Leituras de 2014 (4). «Young Zaphod Plays it Safe» (conto) de Douglas Adams. Em The Time Traveller's Almanac. Lido em inglês.
Eis um regresso muito apetecido ao universo de À Boleia pela Galáxia (privilegiando a tradução de António Vilaça na recente edição da Saída de Emergência), em que nos deparamos com uma incursão do Presidente galáctico Zaphod Beeblebrox enquanto ainda era um mero e reles colector de salvados de naves espaciais encalhadas. Acontece que a nave deste conto encalhou no fundo do oceano de um planeta famoso pelas suas lagostas, tão famoso que o piloto, descendente de antepassados provenientes daquela zona, não descansou enquanto não convenceu os camaradas a pousar e provar aqueles belos espécimes de quem tanto se falava – e falava e falava – na família... sem pensar na importância da sua missão, que consistia em despachar a nave contra um buraco negro pelo perigo e secretismo das armas a bordo... seriam umas senhoras lagostas, de facto!
Zaphod é contratado por burocratas que conhecem o verdadeiro conteúdo da nave (oficialmente transportaria «resíduos inofensivos»), os quais insistem em como foram seguidos todos os protocolos e normas de segurança, embora as evidências da nave encalhada – o casco destruído, o convés despedaçado – apontem para o contrário.

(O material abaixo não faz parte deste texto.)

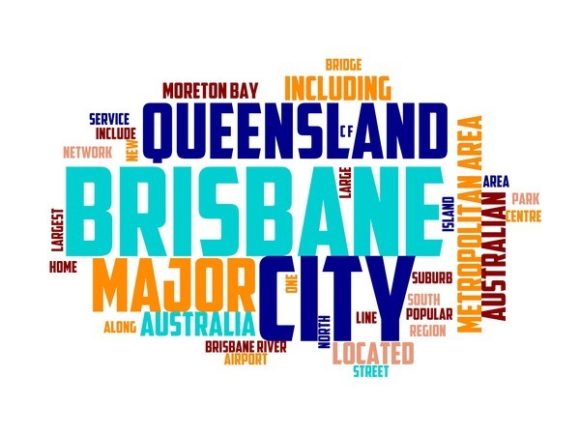 Brisbane Typography Skinny Tumbler: A Beautiful Wordcloud for Creative Expression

Aqui se percebe como o humor de Adams é de uma maestria subtil e destemida, sustentada no uso cuidado da linguagem e na delicadeza como apresenta a ideia, fazendo-nos envolver aos poucos, sem pressas, como se abrisse aos poucos um diafragma ocular sobre uma realidade complexa e desconcertante. À moda dos verdadeiros humoristas da palavra, evita a punch line e esforça-se por explicar o absurdo no contexto narrativo. Aliás, é precisamente por nunca pedir desculpas e insistir no elemento apresentado que consegue obter situações hilariantes, disfarçadas de enredo. Algo que traz bons resultados em meios verbais, como a rádio, mas que se transforma em desastre no cinema e na televisão – conforme já se pode comprovar.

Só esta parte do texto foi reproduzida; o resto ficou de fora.